Le partecipazioni dei soci non possono essere rappresentate da azioni (1) né costituire oggetto di offerta al pubblico di prodotti finanziari (2).

Salvo quanto disposto dal terzo comma del presente articolo, i diritti sociali spettano ai soci in misura proporzionale alla partecipazione da ciascuno posseduta. Se l’atto costitutivo non prevede diversamente, le partecipazioni dei soci sono determinate in misura proporzionale al conferimento (3).

Resta salva la possibilità che l’atto costitutivo preveda l’attribuzione a singoli soci di particolari diritti riguardanti l’amministrazione della società o la distribuzione degli utili (4).

Salvo diversa disposizione dell’atto costitutivo e salvo in ogni caso quanto previsto dal primo comma dell’articolo 2473, i diritti previsti dal precedente comma possono essere modificati solo con il consenso di tutti i soci (5).

Nel caso di comproprietà di una partecipazione, i diritti dei comproprietari devono essere esercitati da un rappresentante comune nominato secondo le modalità previste dagli articoli 1105 e 1106. PERIODO SOPPRESSO DAL D.LGS. 28 DICEMBRE 2004, N. 310.


Commento

Azioni: [v. 2325]; Atto costitutivo: [v. 2295]; Conferimento: [v. 2464]; Utili: [v. 2247]; Pegno: [v. 2784]; Usufrutto: [v. 978]; Sequestro: [v. 1513].

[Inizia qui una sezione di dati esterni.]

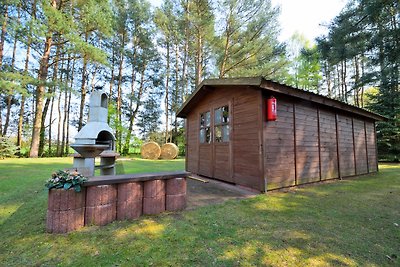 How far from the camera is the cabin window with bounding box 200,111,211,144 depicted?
21.7 feet

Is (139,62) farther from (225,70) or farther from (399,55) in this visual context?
(399,55)

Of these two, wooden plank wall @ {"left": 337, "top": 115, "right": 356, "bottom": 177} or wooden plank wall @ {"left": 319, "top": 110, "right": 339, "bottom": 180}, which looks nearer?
wooden plank wall @ {"left": 319, "top": 110, "right": 339, "bottom": 180}

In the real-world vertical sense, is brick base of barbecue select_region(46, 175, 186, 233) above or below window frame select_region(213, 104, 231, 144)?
below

(Quota di) partecipazione: frazione del capitale sociale commisurata ai conferimenti del socio; esprime la misura della partecipazione del socio (diritti e doveri) alla società [ma v. nota (6)]. Non può essere rappresentata da azioni.

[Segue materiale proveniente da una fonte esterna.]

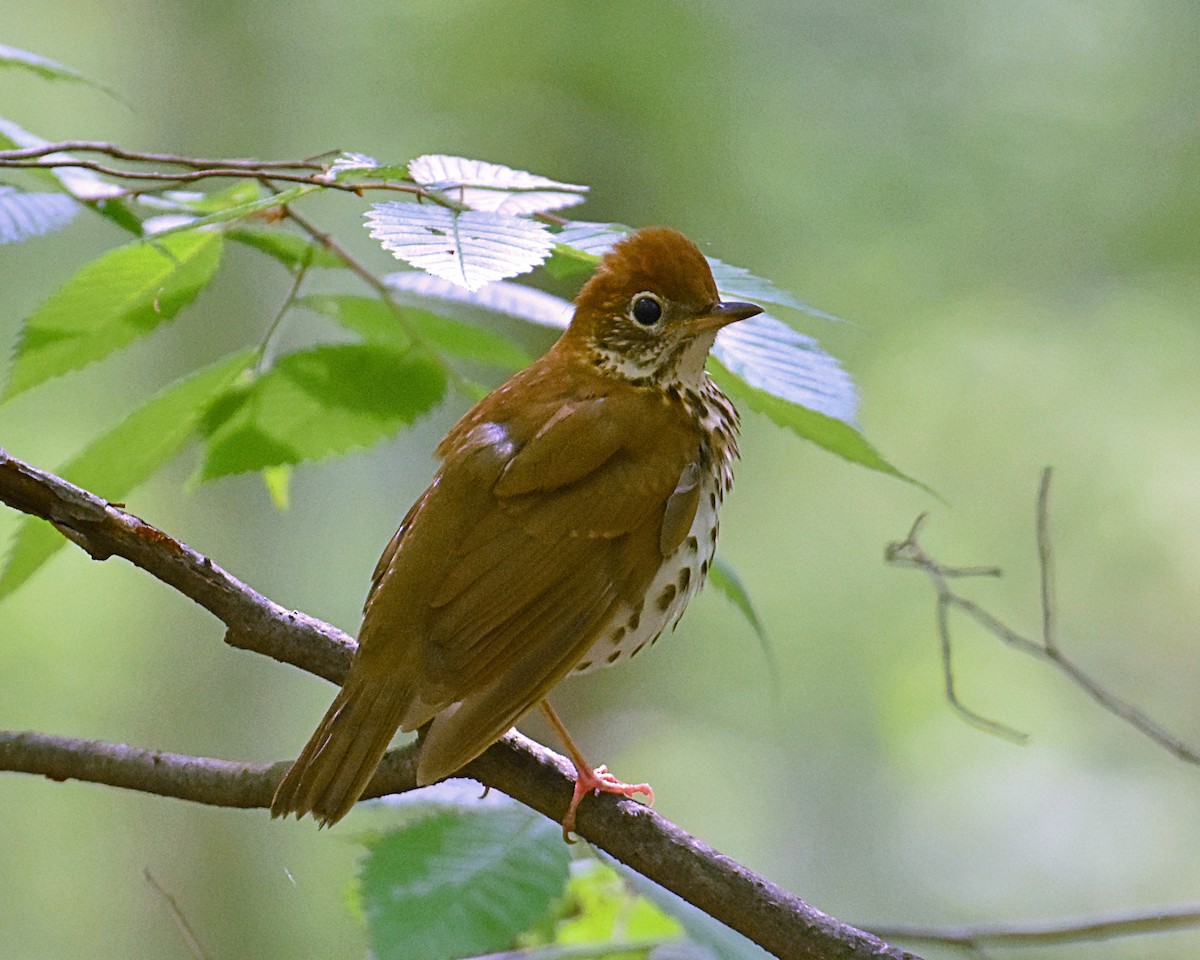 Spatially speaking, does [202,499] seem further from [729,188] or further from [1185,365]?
[1185,365]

Offerta al pubblico di prodotti finanziari: offerta, invito a offrire o messaggio promozionale, in qualsiasi forma rivolti al pubblico, finalizzati alla vendita o alla sottoscrizione di prodotti finanziari (quote di fondi comuni, azioni, obbligazioni, titoli negoziabili).

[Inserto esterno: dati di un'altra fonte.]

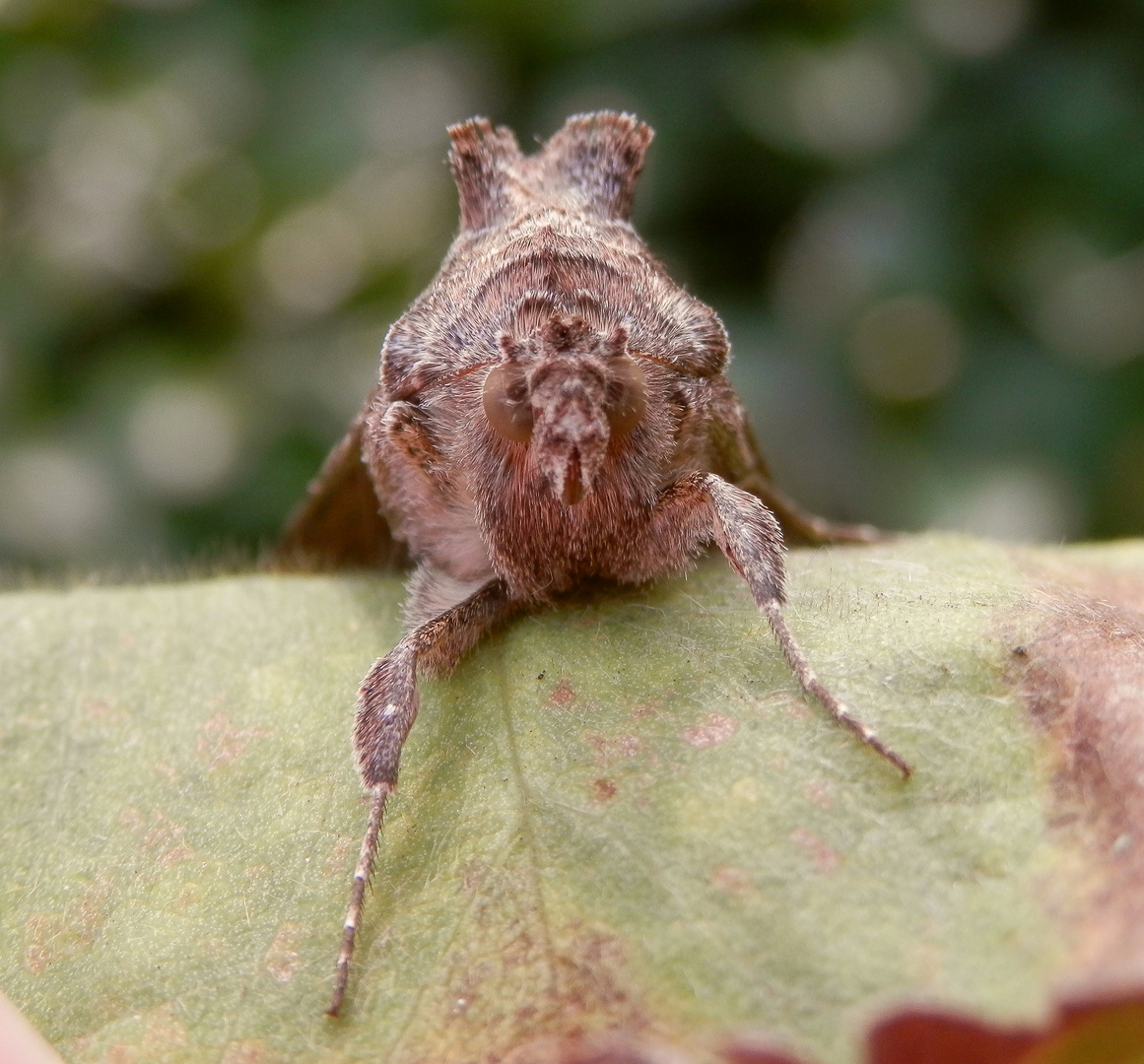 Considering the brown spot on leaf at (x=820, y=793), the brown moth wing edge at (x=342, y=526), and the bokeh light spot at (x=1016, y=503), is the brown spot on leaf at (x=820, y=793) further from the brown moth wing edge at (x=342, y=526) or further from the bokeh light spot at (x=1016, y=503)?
the bokeh light spot at (x=1016, y=503)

Comproprietà: contitolarità della partecipazione tra più soci disciplinata dalle regole sull’amministrazione della comunione [v. Libro III, Titolo VII].

 

 

 (1) Il capitale sociale della s.r.l. (che per definizione non può essere rappresentato da azioni) è diviso in parti in relazione al numero dei soci e ad ogni socio viene attribuita una quota in relazione all’ammontare del suo conferimento (ogni socio avrà, pertanto, una partecipazione diversa). Nella precedente normativa (art. 2474) era previsto un limite minimo alla quota di conferimento (pari a un euro) e le quote superiori dovevano essere costituite da un multiplo della quota minima. La riforma, nell’ottica della semplificazione e della centralità del socio, non ha disciplinato questa ipotesi.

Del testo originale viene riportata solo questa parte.